Muss Wetten und Wagen,
Das Glük zu erjagen {2}
— не раз придавали мне силы в борьбе с превратностями судьбы.
Однако главными предметами оставались русский язык и математика.
В тихую просторную классную входил два раза в неделю, с плетеной кошевкой в руке, в поношенном сюртуке, высокий седовласый старик украинец с запущенными книзу усами.
Это был Павел Игнатьевич Житецкий, находившийся долгие годы под надзором полиции, что не мешало ему, однако, преподавать в привилегированном пансионе — коллегии Павла Галагана, в кадетском корпусе и даже заниматься с нами.
Житецкий был человеком больших знаний и ума, уверенным в своем превосходстве над большинством окружающих, что позволяло ему пренебрегать и собственной внешностью, и мишурным блеском чиновничьего мира.
— Вот вам басни Крылова, выберите из них все, что касается волка, и опишите характер этого животного, как он вам представляется,— говорил он нам.
Он познакомил нас с бесхитростными рыцарями поэм Жуковского, с вереницей героев «Мертвых душ», с миром Пушкина и Тургенева.
Он привил нам умение отделять главное от второстепенного, методически сопоставлять положительные и отрицательные данные.
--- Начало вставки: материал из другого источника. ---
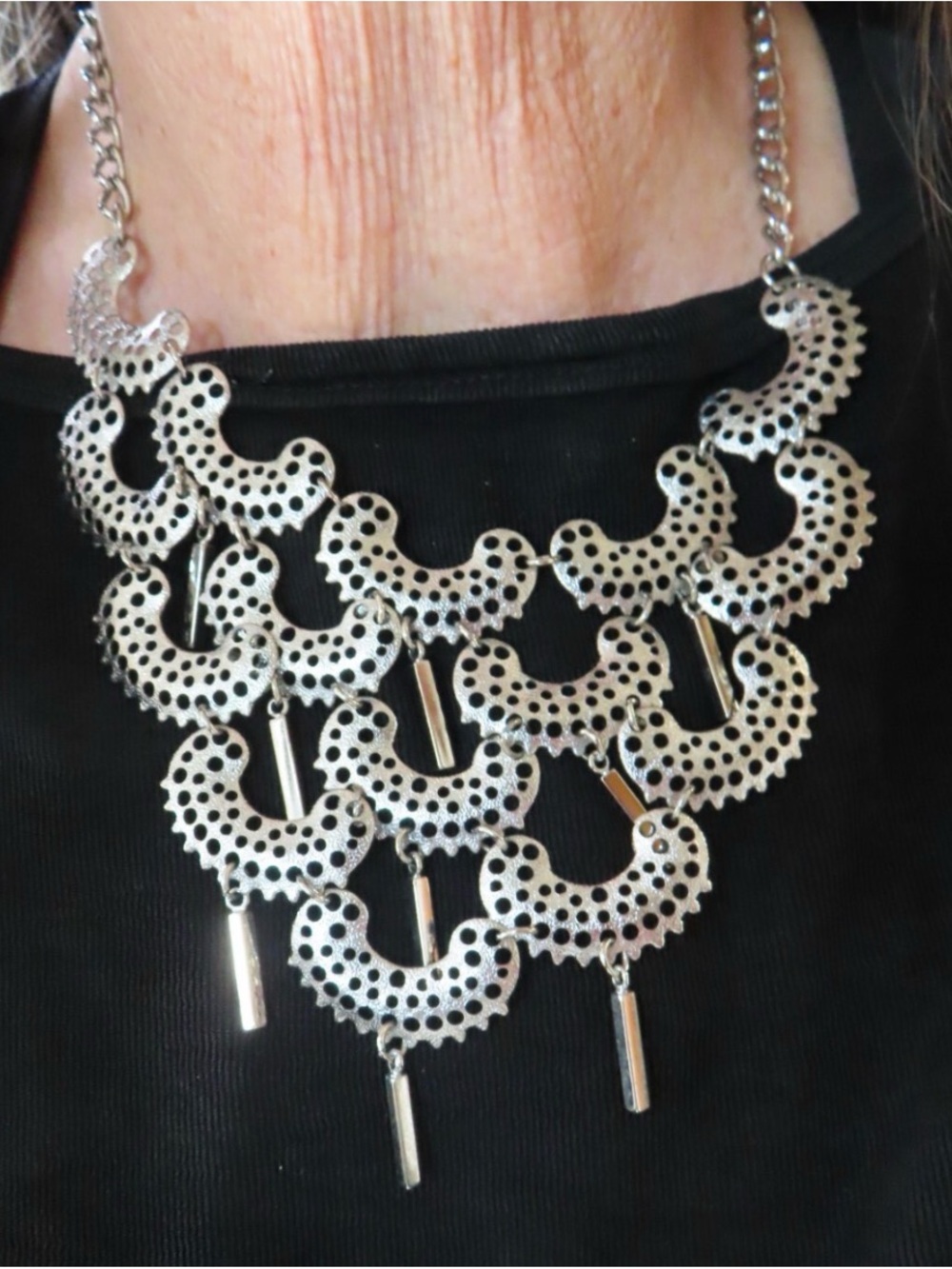 Vintage  Sarah Coventry "Charisma" silver-tone bib choker necklace 18”total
Он заставлял нас делить лист на две части, составляя роспись добрых и злых сторон человеческого характера. Впрочем, я припоминаю, что светлые и чистые черты героев подчеркивались им с особым старанием. Романтический оптимизм, давший мне в жизни столько же несравненных минут счастья, сколько и горьких разочарований, был поселен в моем сознании Павлом Игнатьевичем, написавшим на обложке тетради с моими первыми сочинениями слова Гоголя: «Забирайте же с собою в путь, выходя из мягких юношеских лет в суровое, ожесточающее мужество, забирайте с собою все человеческие движения, не оставляйте их на дороге, не подымете потом!»
С грустью узнал Павел Игнатьевич, что я скоро сниму с себя свободную косоворотку и облачусь в казенный кадетский мундир, казавшийся мне верхом красоты. Прошло много лет, пока я не убедился в том, что самое важное, значительное из приобретенного мною в детские годы было получено не в казенной школе, а дома. Именно домашнее воспитание дало мне знания, любовь к искусству, к литературе, любовь к своему народу.